Mumia: Coast to Coast--Outrage Over Death Warrant

Revolutionary Worker #1027, October 24, 1999

On Wednesday, October 14, the shocking news quickly spread around the world that Pennsylvania Governor Ridge had signed a death warrant for Mumia Abu-Jamal. Phone trees activated emergency response networks and mobilized people for "The Day After" (TDA) actions on Thursday, Friday and Saturday.

Many people were determined to respond immediately and powerfully to the governor's outrageous decision to press ahead with this execution.

Here are the events the RW has heard about as we go to press.


On Saturday, October 16, more than 1,500 people rallied and marched in Philadelphia--Mumia's home town--in a powerful expression of their determination to stop his execution. People came in cars and buses from all over the eastern United States--to hold a powerful and diverse action of many nationalities and many different political trends. The new generation of college and high school students made up more than half the march--putting their mark firmly on this day and on this struggle.

The rally was held in front of the State Building, within sight of the offices of the Fraternal Order of Police--that notorious headquarters of the campaign to defame and execute Mumia.

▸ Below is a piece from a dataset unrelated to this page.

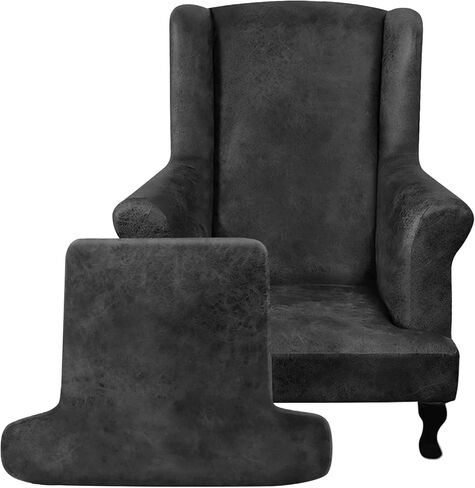Leather Look Wingback Chair Covers, 2-Piece Wing Chair slipcover, Stretch Wing Back Armchair Slipcovers with Elastic Bottom, Soft Spandex Furniture Protector for Living Room, Brown in Kuwait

Speakers included Pam Africa, of the International Concerned Family and Friends of Mumia Abu-Jamal; Carl Dix of the RCP; Monica Moorhead of International Action Center; C. Clark Kissinger of Refuse & Resist, and many others. A statement was read from the executive director of the American Friends Service Committee. Both at the podium and in the crowd, people expressed the strong connection between the struggle for Mumia's life, the intensifying campaign to stop police brutality and murder, and the struggle to free Leonard Peltier and all political prisoners.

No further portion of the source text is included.